───── Supplied information

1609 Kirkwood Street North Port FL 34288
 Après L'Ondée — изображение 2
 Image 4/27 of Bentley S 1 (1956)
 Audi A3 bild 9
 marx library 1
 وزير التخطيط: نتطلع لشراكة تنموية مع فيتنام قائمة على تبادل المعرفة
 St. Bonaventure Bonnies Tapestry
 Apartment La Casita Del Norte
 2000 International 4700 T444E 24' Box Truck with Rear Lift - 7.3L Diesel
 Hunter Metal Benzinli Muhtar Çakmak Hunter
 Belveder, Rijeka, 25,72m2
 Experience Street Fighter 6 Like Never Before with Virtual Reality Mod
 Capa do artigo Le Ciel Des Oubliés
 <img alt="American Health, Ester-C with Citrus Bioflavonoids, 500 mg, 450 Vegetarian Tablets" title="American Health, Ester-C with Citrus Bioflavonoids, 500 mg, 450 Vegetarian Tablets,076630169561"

──────────

→ **Exercise brief**:
Nothing in the entries above should differ when you return them in full.

→ **Written reply**:
1609 Kirkwood Street North Port FL 34288
 Après L'Ondée — изображение 2
 Image 4/27 of Bentley S 1 (1956)
 Audi A3 bild 9
 marx library 1
 وزير التخطيط: نتطلع لشراكة تنموية مع فيتنام قائمة على تبادل المعرفة
 St. Bonaventure Bonnies Tapestry
 Apartment La Casita Del Norte
 2000 International 4700 T444E 24' Box Truck with Rear Lift - 7.3L Diesel
 Hunter Metal Benzinli Muhtar Çakmak Hunter
 Belveder, Rijeka, 25,72m2
 Experience Street Fighter 6 Like Never Before with Virtual Reality Mod
 Capa do artigo Le Ciel Des Oubliés
 <img alt="American Health, Ester-C with Citrus Bioflavonoids, 500 mg, 450 Vegetarian Tablets" title="American Health, Ester-C with Citrus Bioflavonoids, 500 mg, 450 Vegetarian Tablets,076630169561"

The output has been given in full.